Expected Doppler semiamplitude imparted on a solar-mass host star by a super-Earth with orbital period P = 2 days and Rp = 1.6 R⊕ as a function of core-mass fraction superimposed on the S. S. Brems et al. (2019) relationship between stellar age and radial velocity jitter. The solid blue line is the maximum-likelihood S. S. Brems et al. (2019) relationship while the light blue polygon is the 16th to 84th interquantile range; the horizontal black lines indicate the Doppler semiamplitudes imparted by the hypothesized super-Earths. We find that while high core-mass fraction super-Earths can be detected in the presence of radial velocity jitter at all ages, low core-mass fraction super-Earths can only be detected orbiting host stars with ages in excess of 5 Gyr. This observational bias against the detection of low core-mass fraction terrestrial exoplanets orbiting young stars can easily explain the statistically significant inverse correlation identified by A. Weeks et al. (2025) between host star age and either the logarithm of planet density or iron-mass fraction. — astro-ph.EP
Exoplanet Mass And Radius Inferences Fundamentally Rely On Host Star Mass And Radius Inferences.
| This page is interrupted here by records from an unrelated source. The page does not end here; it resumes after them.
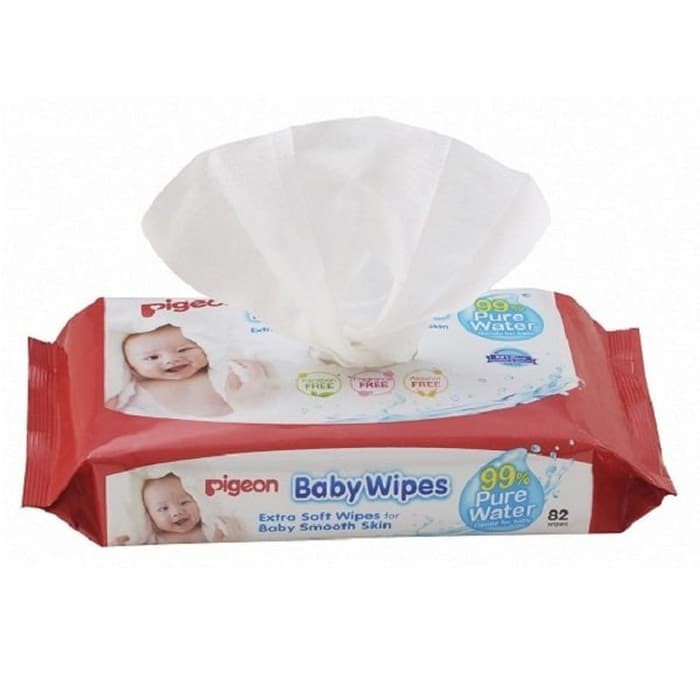 Pigeon Baby Wipes Pure Water 82's Tissue Basah Bayi Dan Anak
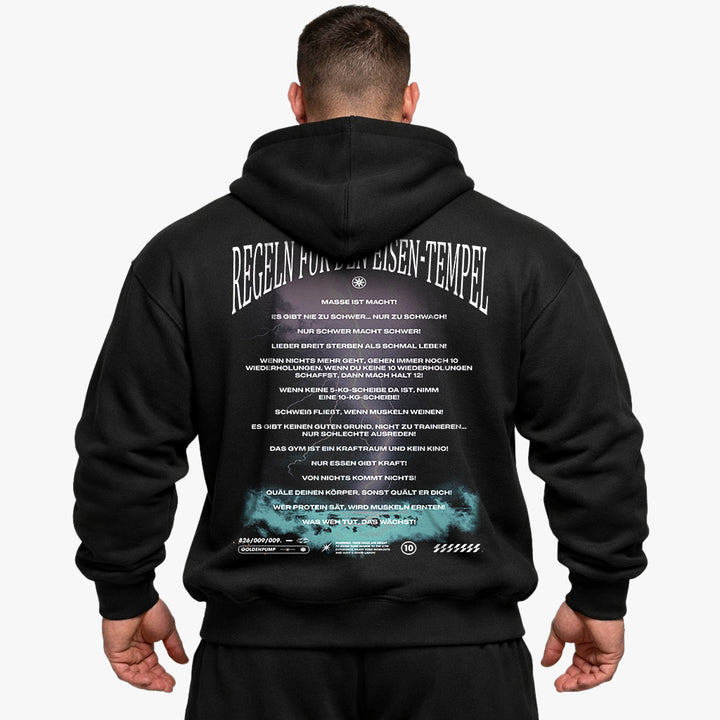 Eisten-Tempel Oversized Hoodie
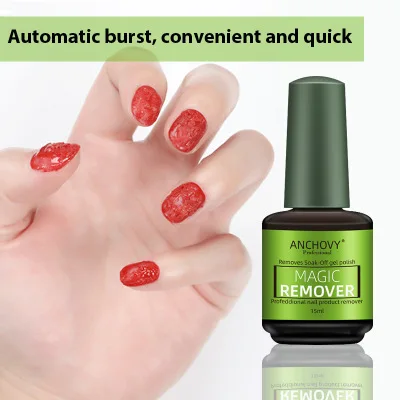 Missbloom New 15Ml Magic Nail Polish Remover Liquid Burst With File Gel Remover Nail Gel Polish Remover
Despite the importance of host star mass, radius, and elemental abundance inferences for the derivation of exoplanet internal structure constraints, published constraints have often been based on inferences that are not self-consistent.
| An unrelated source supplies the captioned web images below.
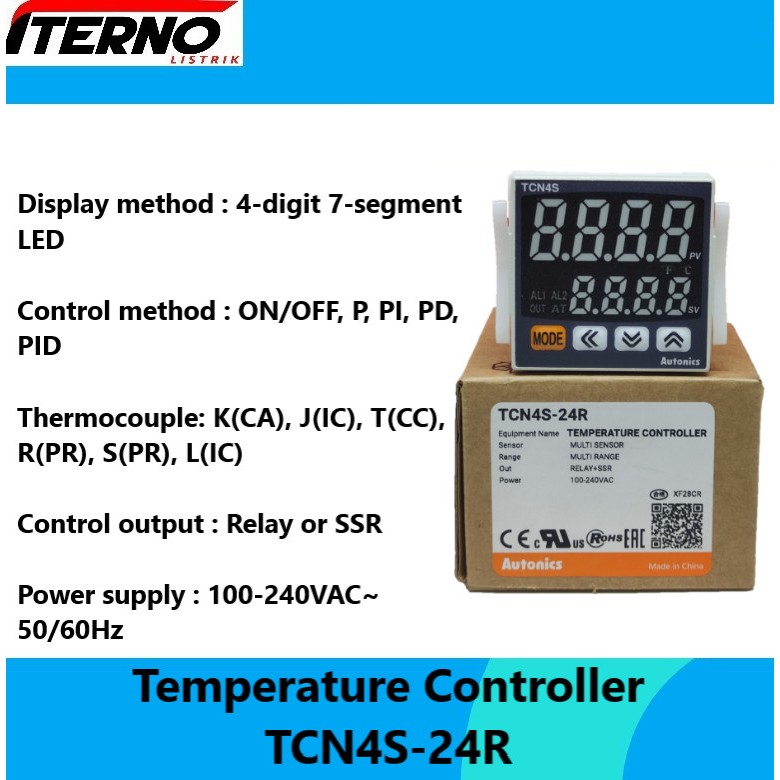 Jual TCN4S24R Temperature Controller Autonics TCN4S24R Shopee Indonesia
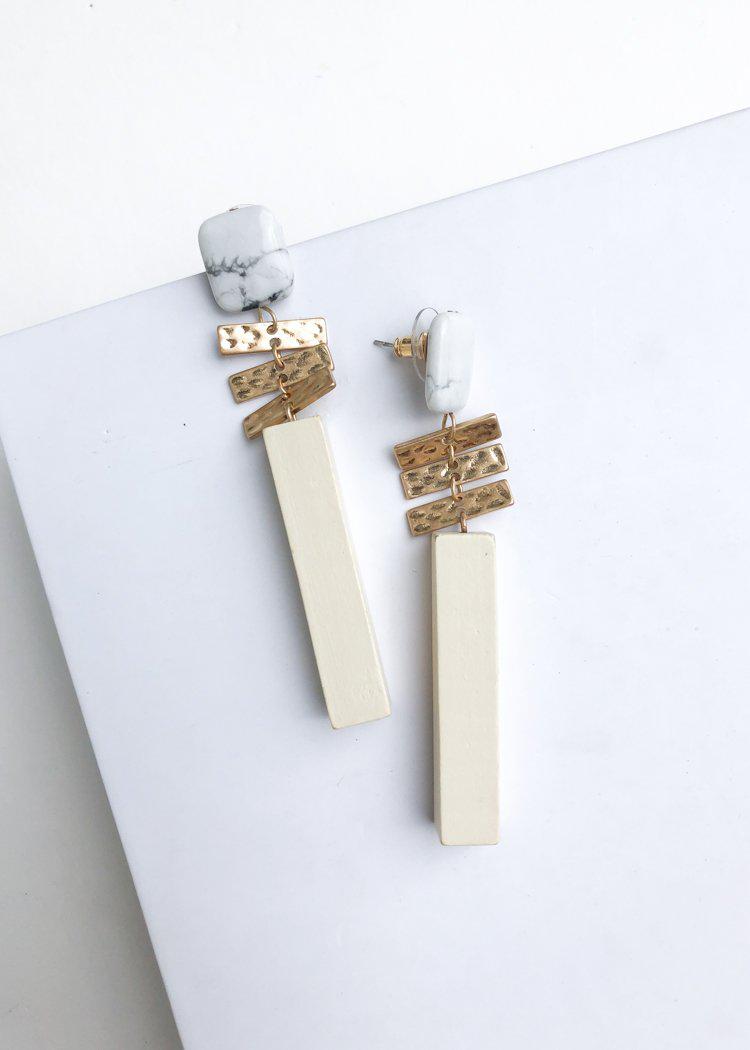 Belfast Stone and Wood Drop Earrings-Hand In Pocket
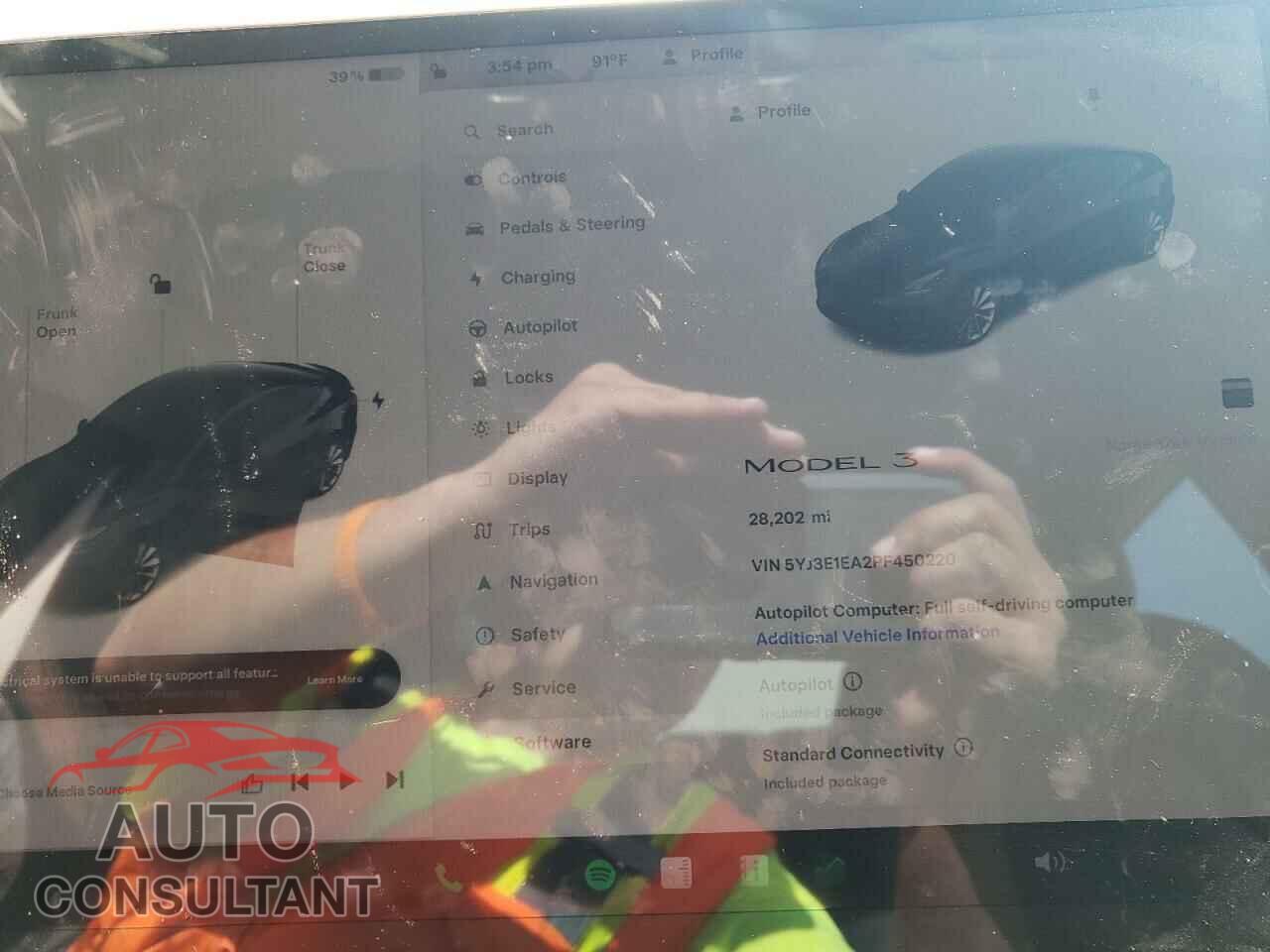 TESLA MODEL 3 2023 - 5YJ3E1EA2PF450220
For 24 dwarf stars hosting terrestrial exoplanets, we use astrometric and photometric data plus high-resolution spectroscopy to infer accurate, precise, homogeneous, and physically self-consistent photospheric and fundamental stellar parameters as well as elemental abundances. We infer updated planetary masses and radii using these data plus Doppler and transit observables, then use the complete data set to derive constraints on the core-mass fractions of these terrestrial exoplanets.
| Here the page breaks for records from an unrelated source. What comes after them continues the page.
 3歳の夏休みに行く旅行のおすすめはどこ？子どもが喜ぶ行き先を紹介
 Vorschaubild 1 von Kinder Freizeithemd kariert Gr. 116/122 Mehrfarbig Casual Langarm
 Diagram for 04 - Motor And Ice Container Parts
We find that the population of resonant or likely formerly resonant terrestrial exoplanets represented by Kepler-36 b and Kepler-105 c has a significantly lower mean core-mass fraction than the rest of the terrestrial exoplanets in our sample. Their resonant configurations suggest that they migrated inwards from more distant formation locations, and we attribute their low densities to the incorporation and retention of significant amounts of water during their formation.
We confirm that the ultra-short-period exoplanets 55 Cnc e and WASP-47 e have densities inconsistent with pure-rock compositions. We propose that they are both the stripped cores of mini-Neptunes and associate their low densities with the presence of significant amounts of hydrogen, helium, water, and/or other volatiles in their interiors. We verify that our results are independent of stellar parameter and elemental abundance inference approach and therefore robust.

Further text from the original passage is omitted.